22nd

Settembre

Teatro Jannacci

Enzo Jannacci lo sapeva fin dagli inizio della sua carriera che il mondo non era pulito come vogliono farci credere, ma c’è pure chi è destinato a diventare il cantore degli emarginati e dei diseredati. Enzo Jannacci lo aveva capito più di trenta anni fa che una canzone cantata in dialetto milanese avrebbe potuto far impallidire persino i parigini con la puzza sotto il naso che bighellovanano nei caffé di Saint Germain alla ricerca disperata dei Brassens, dei Ferré o dei Vian.

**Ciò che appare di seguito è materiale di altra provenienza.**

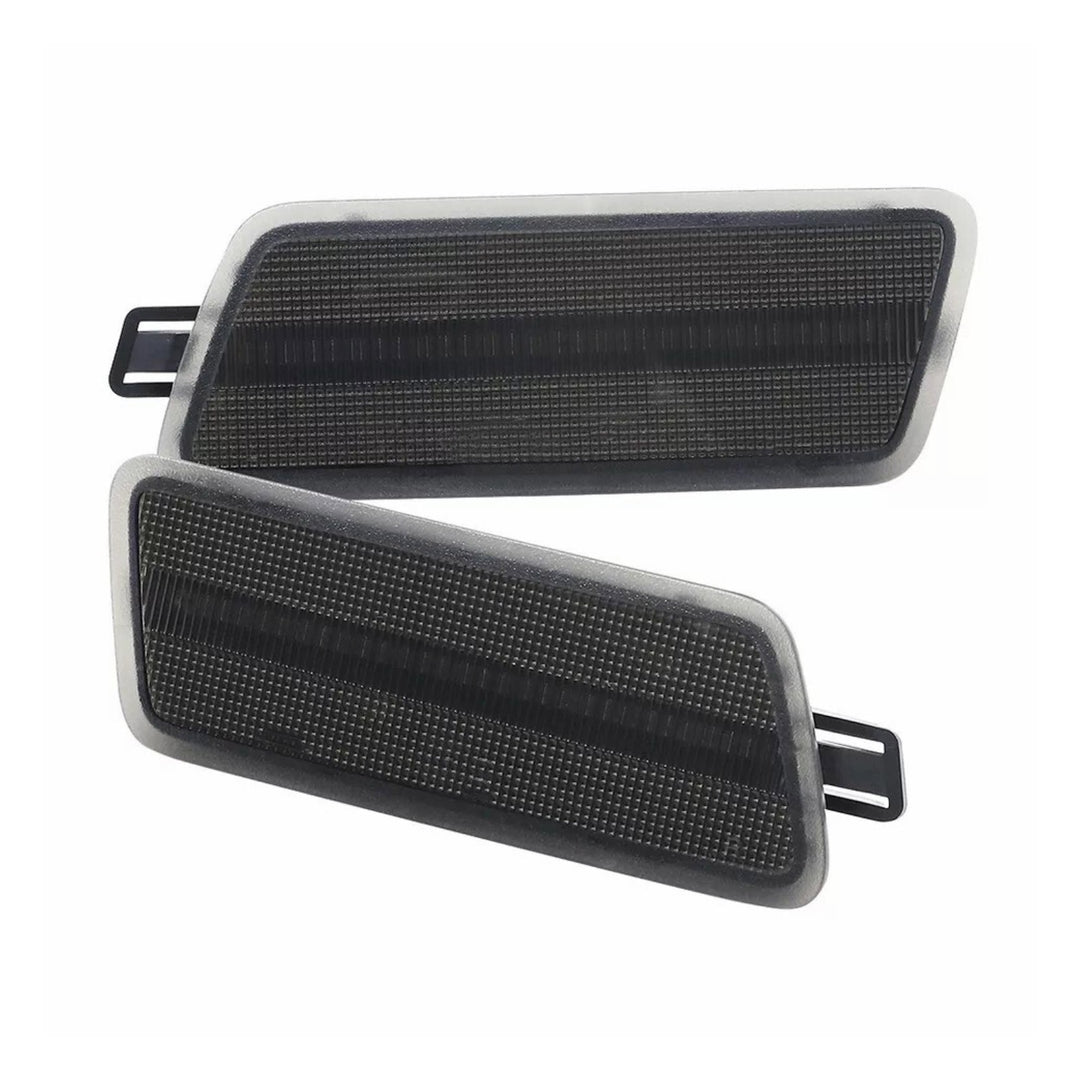 LED Front Side Marker Light Pair Amber Smoked for 2005-2011 Audi A6, S6 and RS6 C6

Alla veneranda età di 70 anni, il cantautore milanese continua ad emozionarci senza mezze misure sulla scia della riflessione intelligente. Teatro Jannacci, il suo nuovo spettacolo che ha aperto la stagione del teatro dei Filodrammatici, ha raccolto per l’ennesima volta ulteriori consensi. Jannacci canta la disperazione tra parole farfugliate a metà, facendo acrobazie tra lunaticità e surrealismo. Questa volta però in dialetto milanese per affrontare un incontro musicale dove, accompagnato da musicisti fuoriclasse (primeggia il figlio Paolo al pianoforte), ritrova vecchie canzoni della sua Milano in bianco e nero che oramai è seppellita. La Milano che amava pensare e che rivive in piccoli tasselli musicali di un percorso artistico sorprendente.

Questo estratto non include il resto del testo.